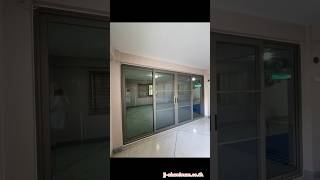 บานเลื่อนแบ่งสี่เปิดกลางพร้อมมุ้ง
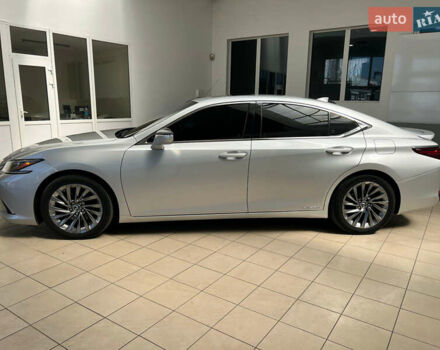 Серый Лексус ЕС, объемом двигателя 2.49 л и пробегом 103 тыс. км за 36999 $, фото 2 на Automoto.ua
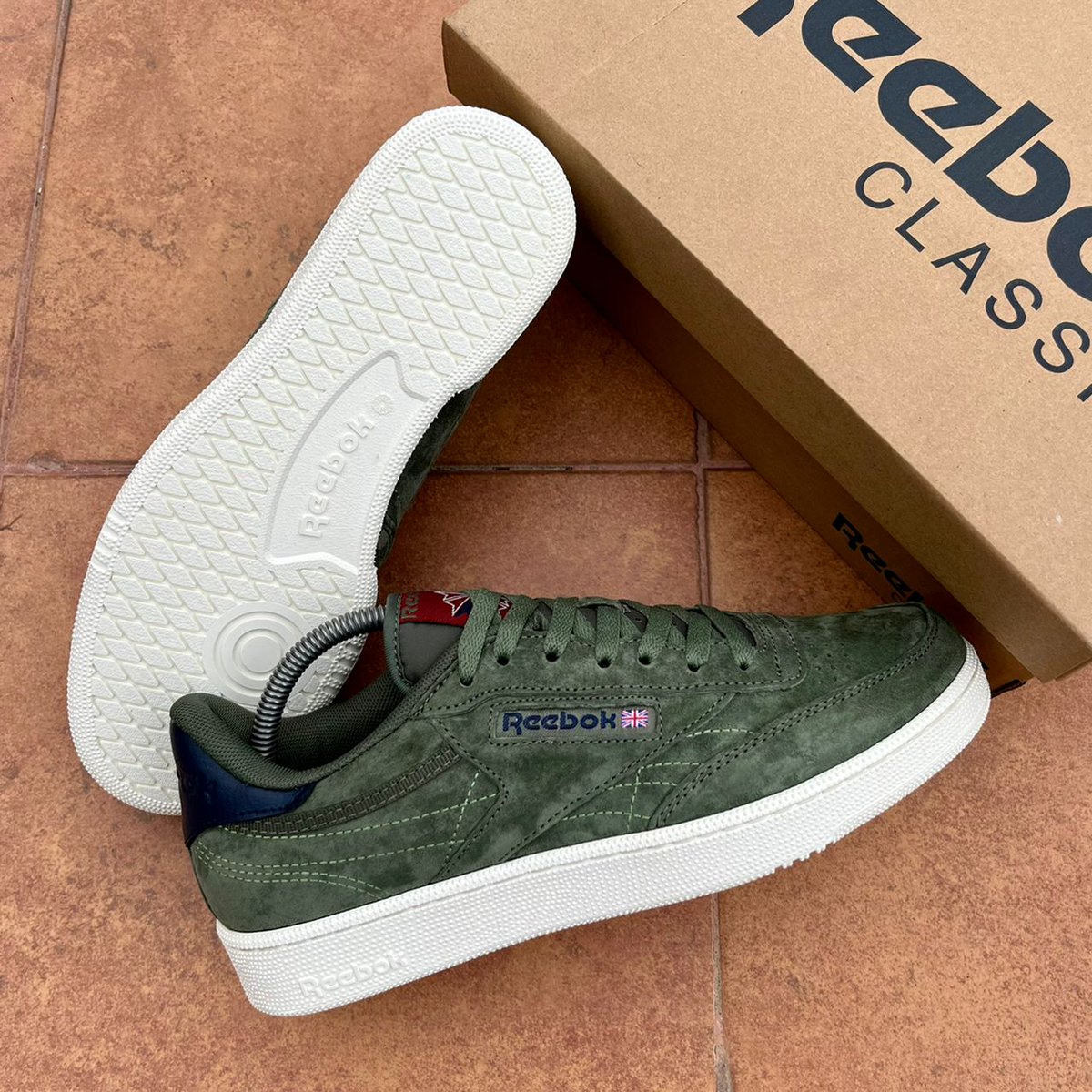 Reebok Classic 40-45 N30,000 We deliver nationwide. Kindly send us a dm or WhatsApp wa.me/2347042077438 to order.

--

Directions
Please retype the whole listing above word for word and drop the pictures.

Exercise result
 บานเลื่อนแบ่งสี่เปิดกลางพร้อมมุ้ง
 Серый Лексус ЕС, объемом двигателя 2.49 л и пробегом 103 тыс. км за 36999 $, фото 2 на Automoto.ua
 Reebok Classic 40-45 N30,000 We deliver nationwide. Kindly send us a dm or WhatsApp wa.me/2347042077438 to order.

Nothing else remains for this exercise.